The Importations of Cotton Wool from India vary very much in Quality; some are good, and some are very indifferent. The Chinese frequently complain of Portions of the Importations of Cotton being discoloured and of bad Quality. The very best Cotton Wool imported into China is brought by the Company. I do not however mean to say that the whole of the Company's Cotton is superior to that imported by Private Merchants.

Is no American Cotton introduced into China?

I think an Experiment was made with a few Bales once, but that it was found not to answer. It is more expensive than the Indian Cotton. The Chinese would not give a Price equivalent to the Difference of the Invoice Cost of Indian and American Cotton.

In the event of a Reduction of the Duties on Tea in this Country, and a greater Demand arising in consequence, would there be any Difficulty in obtaining a proportionate Increase of Quantity in China?


With regard to the Green Teas, we have found that the Quantity produced has very slowly increased, notwithstanding we have exerted ourselves much to have it increased. With regard to Black Tea, I imagine that the Quantity might certainly be gradually increased. We have never yet been able to obtain a full Supply of Green Teas of suitable Quality.

You were understood to say that in some Teas you have had Difficulty, in consequence of Competition with the Americans?

Yes, in some Species of the Green Teas.

They offered higher Prices?

They outbade us. A great Part of our Green Teas we secured by previous Contracts; those of course were delivered to us; but when we wanted others, and wished to purchase in the Market Teas brought down by Individuals with whom we had not contracted, it has occurred that we could not deal with them, the Americans giving higher Prices than we thought ourselves justified in giving.

Are the Cotton Goods exported from this Country by the Company of the same Description as those worn by the Mass of the Population in China?

They are chiefly such as the Chinese use in their Garments; Long Cloths they call them.

They were calculated for the Wear of the poorer Classes of People?

Exactly so; similar to the Chinese, but finer in Fabric.

You state that the Chinese Cottons are, taking Quality for Quality, cheaper than British Cotton?

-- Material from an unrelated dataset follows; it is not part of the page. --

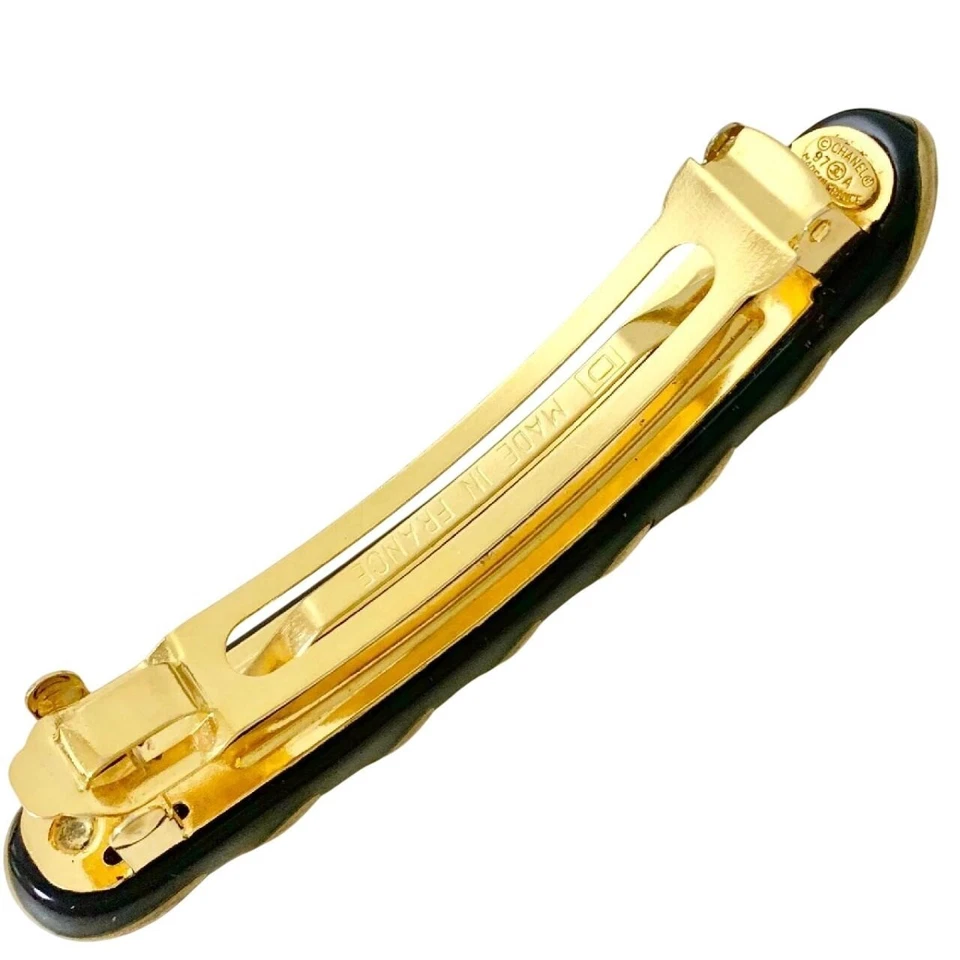 CHANEL Barrette Hair Clip CoCo Gold Black - Image 3 of 4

Their Cotton Manufactures they say themselves are cheaper; they wear so much longer. The Prime Cost is dearer.

How do they spin their Cotton; by Hand or Machinery?

By Hand.

Do you know any thing of the comparative Price of that Cotton spun by Hand, and Cotton Twist manufactured in this Country?

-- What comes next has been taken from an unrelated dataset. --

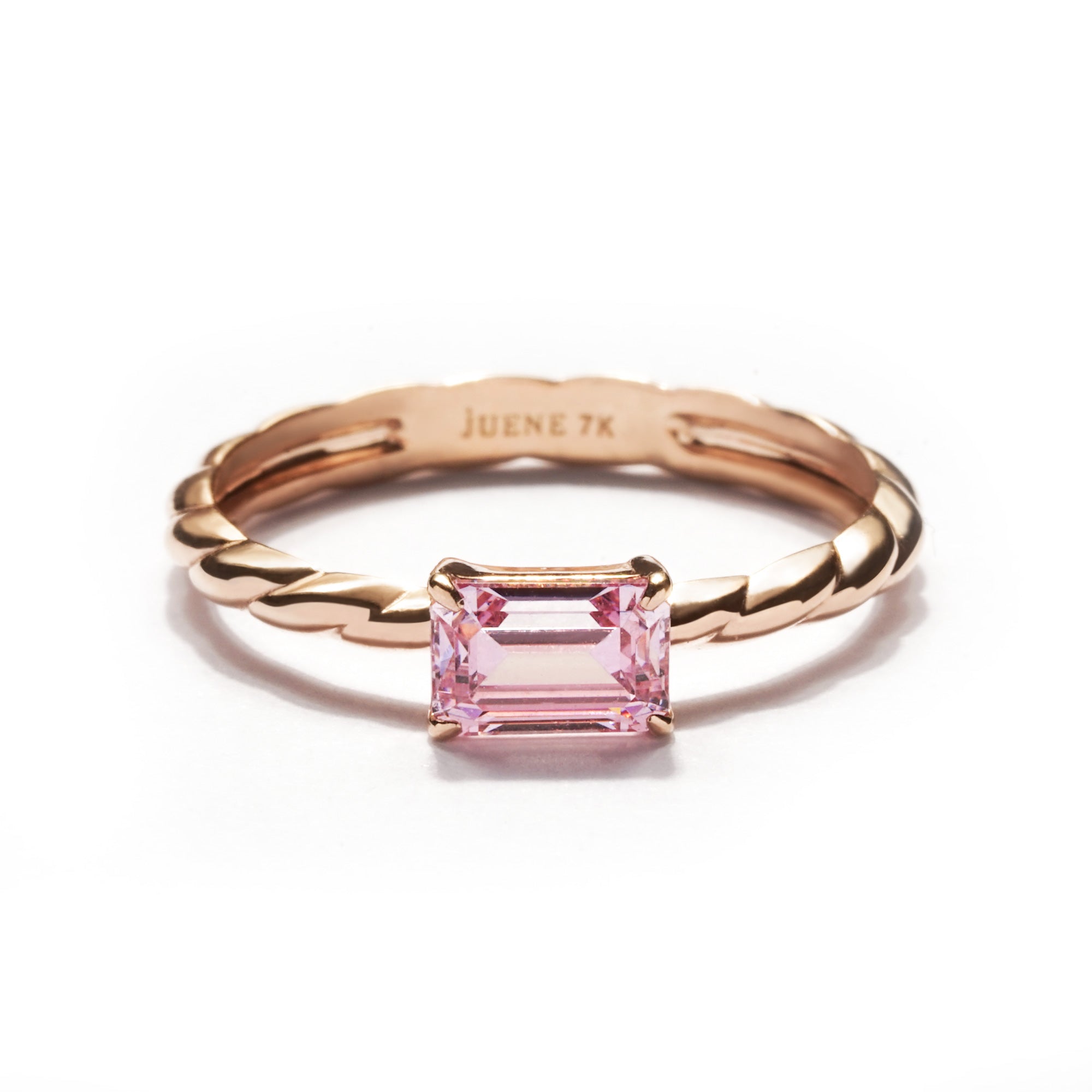Peony Gold Ring - Rosy Pink - Juene Jewelry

I am not able to give that Information. The Exports of Cotton Twist took place after I left China.

You do not know to what Extent any Attempt has been made to supply Cotton Twist from hence?

No; I merely heard that such Attempts had been made by the Company and by Individuals, but I am not accurately informed. I think the last Year there was a large Shipment by the Company.

Have you understood there was a ready Sale for Cotton Twist?

I have heard that there was a Prospect of its paying the Costs and Charges, and that in consequence The East India Company were going to export some.

Are the various sorts of Tea, whether Black or Green, now imported into this Country, the same as used to be imported formerly in the earliest Stages of the Trade?

Very much so. The Tea upon the whole has been improved in Quality by the Attention which has been paid to it; for instance, that called Bohea now is very superior to that which bore that Name Fifteen or Sixteen Years ago.

But it is the same Tea, only more carefully prepared?

Yes; it is the lowest kind of Black Tea, but it is more carefully assorted, so as to exclude the coarser Leaves of the Plant.

It loses its Flavour by being kept, does it not?

Green Tea does lose its Flavour, but Black Tea is said to keep for Two or Three Years without Injury, if kept in a dry Place.

When the Company contract for Teas, do they require the Teas of a certain Season?

The Leaves of which the Contract Teas are made are picked and manufactured between the Months of May and August, and are shipped during the succeding Winter.


At what Time are they brought into the Market here?

They remain, I believe, a Year in the Warehouses; there is always a Year's Stock in the Warehouses on hand. They are nearly a Year old by the Time they arrive in England; then they remain another Year in the Warehouses.

You stated that there were heavy Transit Duties on Woollens in China; do you know how they are levied?

At Custom Houses, which we saw as we passed through the Country, between one Province and another.

How are the Goods carried?

By the Canals.

Do you know to what Extent the Duties raise the Price of the Woollen Goods before they reach the Northern Provinces of the Country?

I cannot say.

Are the Duties evaded?

There is a great deal of Smuggling carried on in China. The Interior of the Country is said to be well supplied with Opium, the whole of which must be smuggled.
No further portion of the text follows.